#### WHAT NEEDS TO BE DONE:
Only the lines from the one that contains "Book cover for Colin's kisses" to the last line below, both included, should be transcribed. Pictures stay out of the copy.
*** Block opens ***
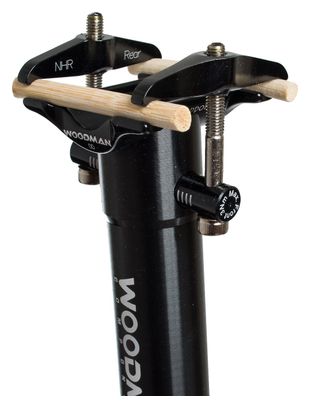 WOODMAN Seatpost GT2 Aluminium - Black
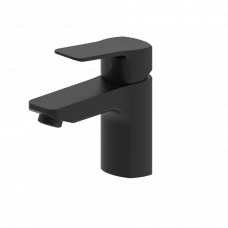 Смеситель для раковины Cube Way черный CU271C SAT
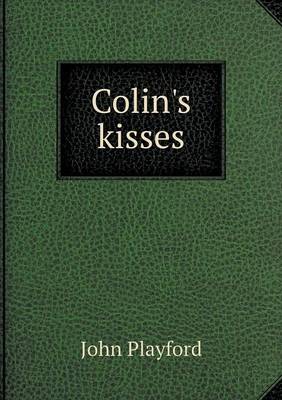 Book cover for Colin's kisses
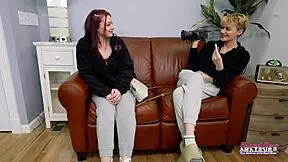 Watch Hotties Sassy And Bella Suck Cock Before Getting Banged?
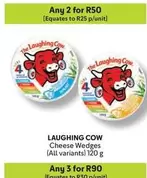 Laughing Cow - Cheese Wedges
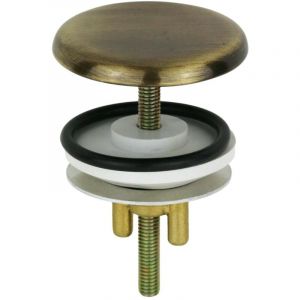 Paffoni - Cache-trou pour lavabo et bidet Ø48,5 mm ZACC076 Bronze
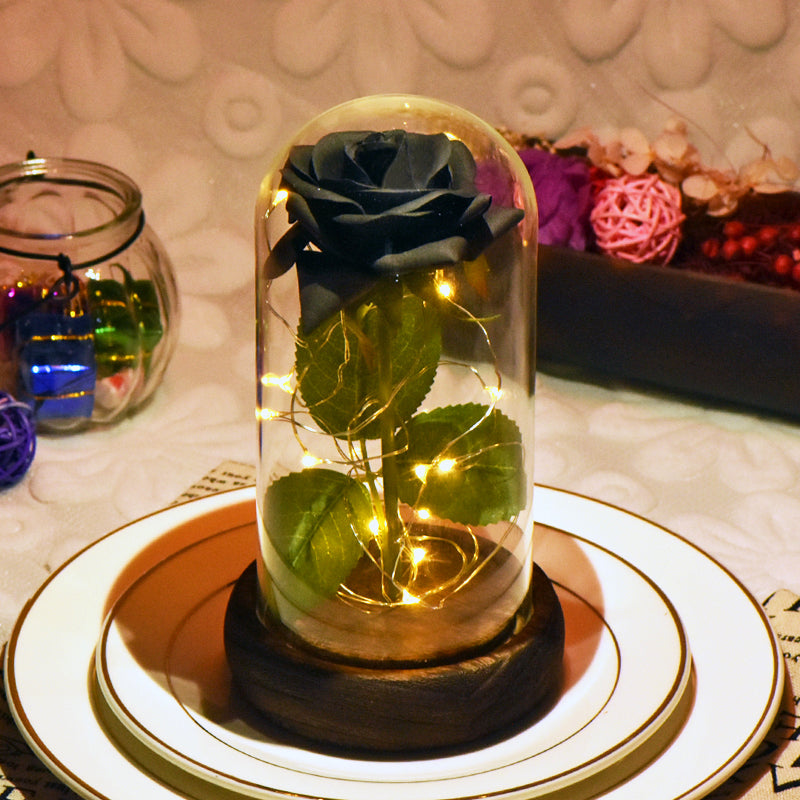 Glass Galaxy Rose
*** Block closes ***
#### SOLUTION TO THIS EXERCISE:
 Book cover for Colin's kisses
 Watch Hotties Sassy And Bella Suck Cock Before Getting Banged?
 Laughing Cow - Cheese Wedges
 Paffoni - Cache-trou pour lavabo et bidet Ø48,5 mm ZACC076 Bronze
 Glass Galaxy Rose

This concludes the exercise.